KLSE Trading Notes
Palm Oil & Market Themes

Following on my comments that the Federal Reserve seems to have finished with its rate hikes, markets have yet to move ahead. While I am positive on the fundamentals, the timing effect is not there yet. July/August tend to be dull months as many investment pros will be on hols. As explained before, most will gather like a pack of wolves for a push in the final quarter. The setting looks good, we just need oil prices to behave till then, it needs to stay below US$80 pb for the last quarter bull to emerge.

As for KLSE trading activity, the palm oil rally has already been a bit overdone. Its a rally based on palm oil futures, and not a rally based on the biodiesel theme. Investors should be aware that bio diesel is not magic, and is not an avenue that allows for huge margins. Its just one additional sub-sector in the palm oil supply chain. You'd be just as profitable to be in oleochemicals, or producing specialty fats for cosmetics out of palm oil, etc. Of course, Malaysia and Indonesia have agreed to set aside a huge amount for biodiesel. It will create a substantive increase in real demand. The 12 mn MT CPO allocation will be a tad too much for biodiesel to stomach. 12mn MT equals to about 40% of each country's annual production.
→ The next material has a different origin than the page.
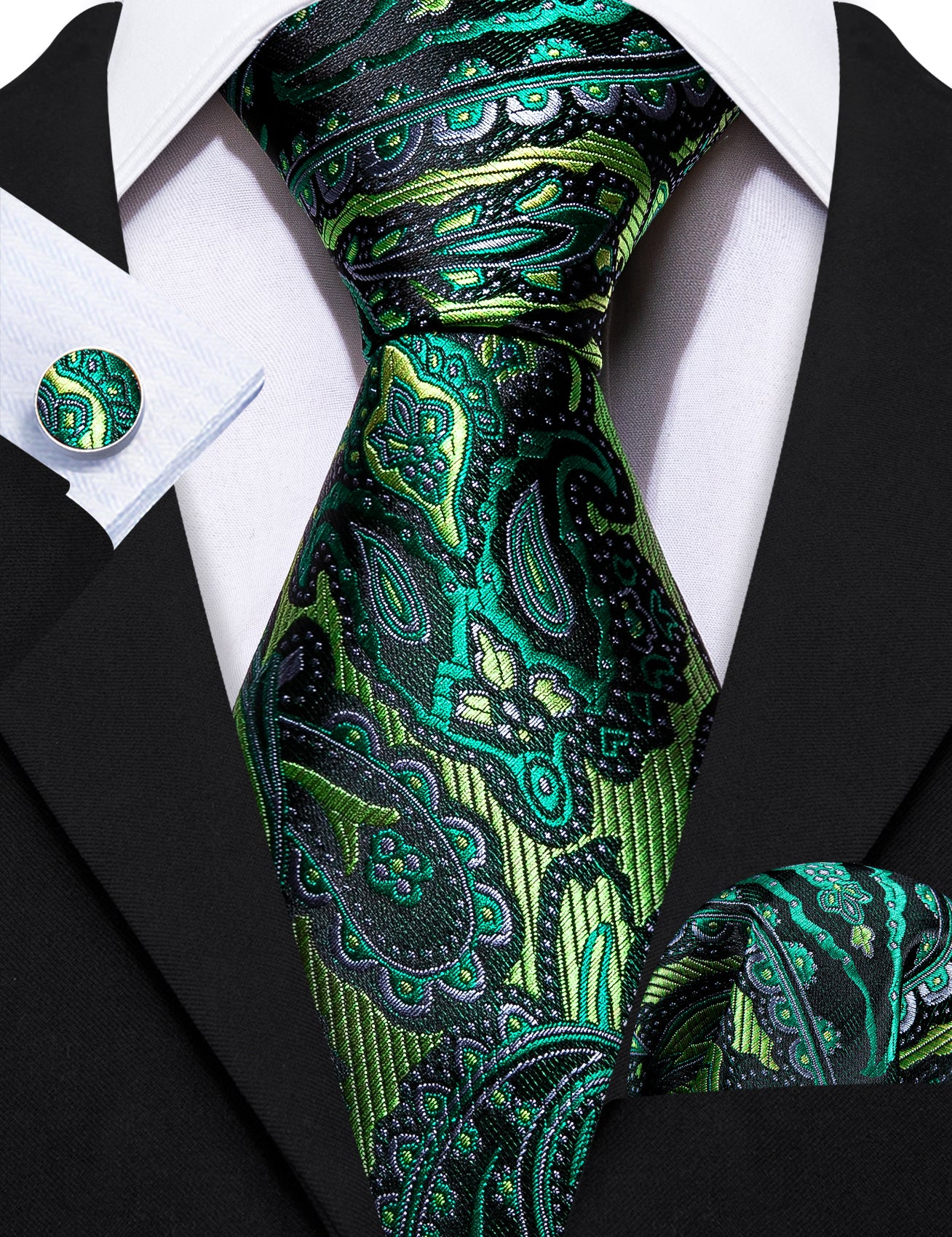 Barry Wang Green Tie Paisley Silk Men's Tie Handkerchief Cufflinks Set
In all likelihood, only 5 mn MT will be taken up in 2007, this effectively translates to 16.6% of each country's annual CPO production. Now the figure does not look so threathening.

Having said that, organic growth from edible side will provide about 5% annual growth in demand. Add that, you get around 21% real consumption demand growth a year. IOI Corp has already gained more than 45% over the last 12 months. Golden Hope recorded a sluggish 30% over the same period, while KL Kepong notched nearly 60% gain over the last 12 months. Best performer was PPB Oil Palms with a better than 75% gain over the last 12 months. Compare that to the KLCI over the same period, you will have wonderful outperformance. Not that I am saying the sector's rally is finished but rather that the upside is limited. But also the sector won't collapse at all as the fundamentals governing the sector are pretty solid. Strong buys on any kind of dips due to external market shocks.
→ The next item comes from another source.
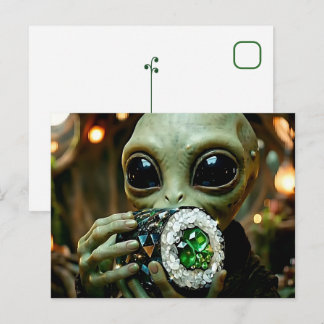 Extraterrestrial Alien and Crystalline Sushi Postcard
The shift to smaller and second tier palm oil plays look more exciting as these are solid companies also but just smaller and they have not been re-rated as highly as the big caps, now they are playing a bit of catch up. Probably another 15%-20% upside in store for them, I am referring to trading counters such as Kretam and TH Group. Forget the rest, too small.

As for the other theme play in cables and new Bakun revamped proposal - forget about it already. Its cumbersome and should not be allowed to proceed. Hate Leader, Eden, etc... trade at your own peril.

Comments

zentrader said…
Dali,

Good pick on Landmark. How about Matrix which owned Berjaya Time Square. According to Edge, its NTA is RM1.16!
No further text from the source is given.